Bombus bimaculatus 2b

The patch of yellow on the second segment often is small and hidden by the wings, so care is needed to distinguish bimaculatus from another common species (though perhaps less common locally than I implied in that earlier post), Bombus impatiens. The main difference from bimaculatus is that the yellow on impatiens’ abdomen is confined to the first segment.

Bombus impatiens queen 2b

One correction I need to make to that earlier post is that the dead bumblebee I featured was not Bombus fervidus after all. That bee had a black basal abdominal segment, where in fervidus the first 4 segments all are yellow. I have found a few live members of the dead bee’s species at Mayslake.

Bombus auricomus 10b

This is Bombus auricomus, which is regarded as “uncommon” in Illinois. Here, the first segment is entirely black, segments 2 and 3 entirely yellow. The sides of the thorax are black, and as the next photo shows, there is a large black area in the center of the dorsal (top) thorax.

Bombus auricomus 2b

At Mayslake I have seen only a few of these, always in the same place, so I believe there is only one colony of them on the preserve. Compared to other bumblebees they are large and very active. Bombus fervidus is at Mayslake, too.

Bombus fervidus 3b

Here you can see that the basal segment also is yellow, as is the entire thorax except for a black band across the back between the wings. In that earlier post I mentioned the ecological significance of differences in tongue lengths among species. Get a load of the tongue length on that fervidus!

Bombus fervidus tongue b

The 5th Mayslake species to date is Bombus griseocollis.

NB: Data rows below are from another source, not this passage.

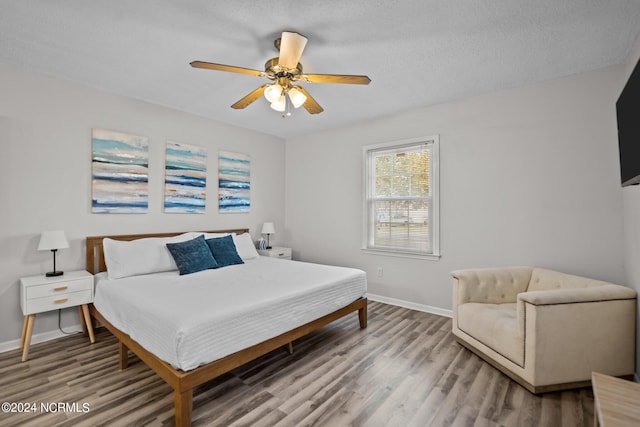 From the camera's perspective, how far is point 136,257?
3.14 metres

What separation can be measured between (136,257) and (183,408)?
1.91 metres

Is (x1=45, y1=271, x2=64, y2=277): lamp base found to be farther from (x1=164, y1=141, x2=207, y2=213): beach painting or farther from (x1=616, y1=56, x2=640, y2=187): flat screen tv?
(x1=616, y1=56, x2=640, y2=187): flat screen tv

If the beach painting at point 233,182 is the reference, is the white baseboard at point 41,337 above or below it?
below

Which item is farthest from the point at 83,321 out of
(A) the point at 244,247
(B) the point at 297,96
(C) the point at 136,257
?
(B) the point at 297,96

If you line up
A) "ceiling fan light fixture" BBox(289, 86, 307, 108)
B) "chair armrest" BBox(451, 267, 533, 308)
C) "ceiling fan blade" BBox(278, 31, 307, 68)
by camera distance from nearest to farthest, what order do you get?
"ceiling fan blade" BBox(278, 31, 307, 68) → "ceiling fan light fixture" BBox(289, 86, 307, 108) → "chair armrest" BBox(451, 267, 533, 308)

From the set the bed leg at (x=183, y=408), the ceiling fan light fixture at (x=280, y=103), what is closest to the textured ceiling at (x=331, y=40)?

Bombus griseocollis swamp milkweed 3b

In this one the forward edge of the second abdominal segment is orange, but the back edge is black. The color on the second segment extends closer to the edge than it did in bimaculatus.

Bombus vagans, which I have seen at Fullersburg but not yet at Mayslake, has the first two abdominal segments yellow all the way to the back edge.

Bombus vagans 1b

That leaves only one species of bumblebee which is said to be common in Illinois but which I have not yet observed: Bombus pensylvanicus (listed in some references as B. americanorum). That one is most similar to B. auricomus, but typically has the top rear part of the thorax black or orange, and the first abdominal segment has some yellow on its rear edge.

Here are some web references. For a really nice diagrammatic comparison of these color patterns you can download a pdf file called “Bumble Bees of Illinois and Missouri”. A site with additional identification and ecological information is the beespotter site.